== Segment start ==
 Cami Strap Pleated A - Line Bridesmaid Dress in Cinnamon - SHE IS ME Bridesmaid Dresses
== Segment end ==
== Segment start ==
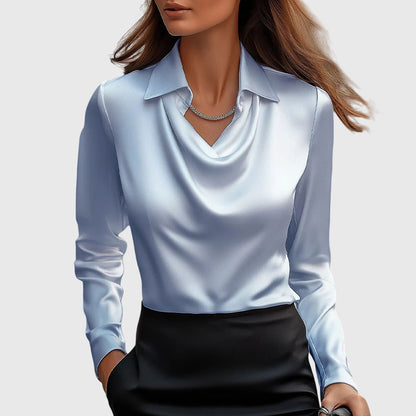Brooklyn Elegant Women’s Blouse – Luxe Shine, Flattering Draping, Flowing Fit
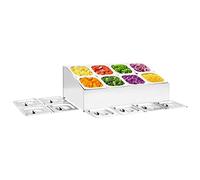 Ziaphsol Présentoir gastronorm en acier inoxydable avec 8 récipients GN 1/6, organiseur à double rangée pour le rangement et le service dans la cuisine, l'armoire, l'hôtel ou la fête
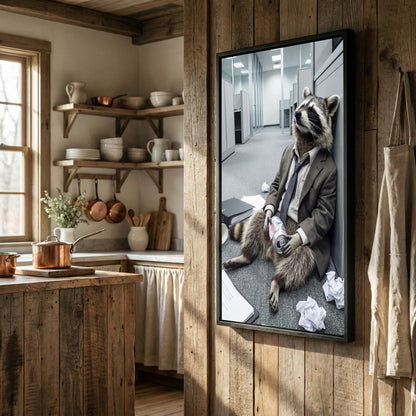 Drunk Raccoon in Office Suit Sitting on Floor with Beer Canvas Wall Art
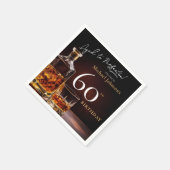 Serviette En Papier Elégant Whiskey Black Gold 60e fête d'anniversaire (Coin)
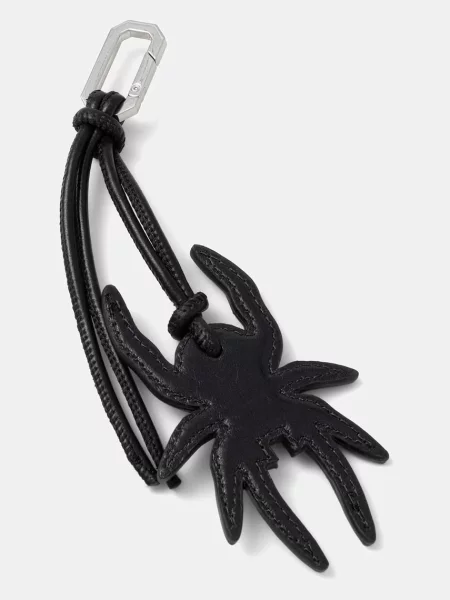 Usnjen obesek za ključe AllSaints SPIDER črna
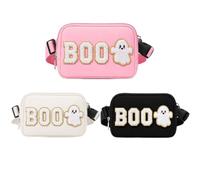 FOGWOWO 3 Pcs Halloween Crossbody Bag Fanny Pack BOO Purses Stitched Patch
== Segment end ==
== Segment start ==
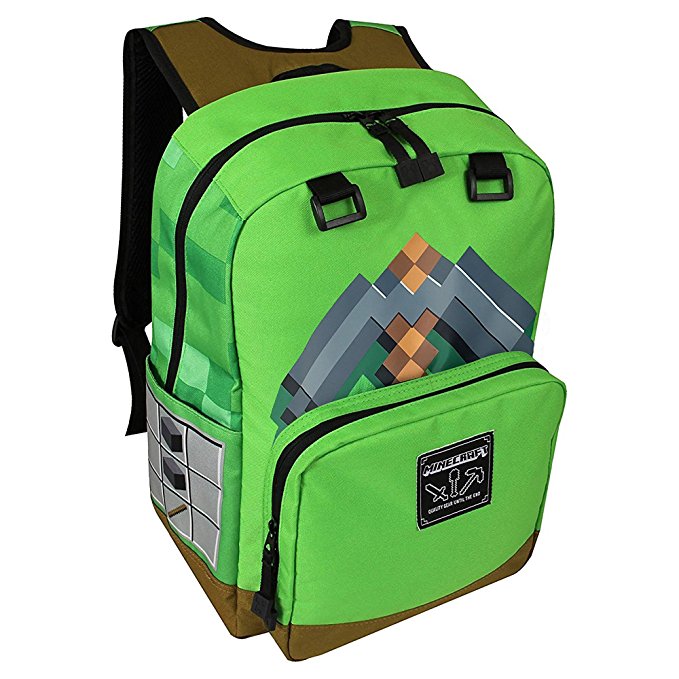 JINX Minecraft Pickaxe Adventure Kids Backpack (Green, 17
== Segment end ==
Leave the pictures out. Output, exactly, the lines of the material above starting at the line containing "Serviette En Papier" and ending at the line containing "FOGWOWO 3 Pcs".

* Task result
 Serviette En Papier Elégant Whiskey Black Gold 60e fête d'anniversaire (Coin)
 Usnjen obesek za ključe AllSaints SPIDER črna
 FOGWOWO 3 Pcs Halloween Crossbody Bag Fanny Pack BOO Purses Stitched Patch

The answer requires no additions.